SIMPLE STIR FRY
serves 3
The starting
point for this stir-fry was a recipe for "Spicy Garlicky Tofu and
Broccoli" in my favorite Asian cookbook, Jaden Hair's Steamy Kitchen's Healthy Asian Favorites. I had picked up some beautiful snap peas at Mariano's on a
drive home from Chicago, and wanted to do a simple stir-fry with what I had in
the house. Turned out that
meant a half-pound of ground turkey to go with the snap peas. So, what I cooked doesn't have either
tofu or broccoli in it, but the basic outline of the recipe served me
well.

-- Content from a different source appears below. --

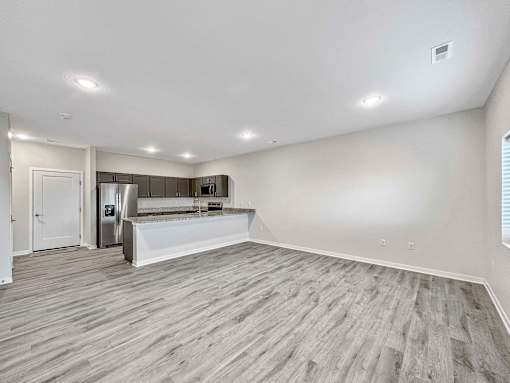 an empty living room and kitchen with a refrigerator and a sink at Forge65, Pleasant Hill, 50327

Obviously, feel free to
substitute other ingredients!
2 t. cooking oil
3 cloves garlic,
finely minced
2 t. grated or
finely minced ginger
1/2-lb ground
turkey
several handfuls
of snap peas*
3 T. stir-fry sauce or oyster-flavored
sauce (I used House of Tsang bottled sauce, found at my grocery store)
1-1/2 T. water
1 T. white
balsamic vinegar
Sriracha sauce
to taste
basmati or other rice
1. Put
the rice on to cook.
2. Chop
the garlic and ginger.
3. Mix
together the stir-fry sauce, water, white balsamic, and Sriracha sauce.
4. When
the rice is about 5-7 minutes from being done, heat the oil in a wok or large
sauté pan. Add the garlic and
ginger and stir-fry about 1 minute.
Add the ground turkey, and sauté until meat is no longer pink.
5. Add
the sauce mixture to the pan and stir into the meat mixture. Add the snap peas and stir-fry for a
minute or two, until the peas are cooked but still crispy. That's it!
*If
you are using a vegetable that needs more than 1-2 minutes to cook, you'll want
to pre-cook it part-way before assembling the stir-fry. For broccoli, for example, Jaden Hair
puts it a head of broccoli in 1 cup of boiling water for 2 minutes, cooking until
crisp tender, and then drains and puts it aside until the last step of the
stir-fry.
An alternative to a bottled stir-fry sauce is the following combination: 2T. light (or full) soy sauce, 1 T. sake, 1 t. sugar or Splenda. This gives you the 3 T. measurement listed in the recipe. It's the "Sauce for Chinese Veggies" that I learned during Zoe Porter's Chinese Cooking Classes in Albuquerque, New Mexico, in late 70s and early 80s.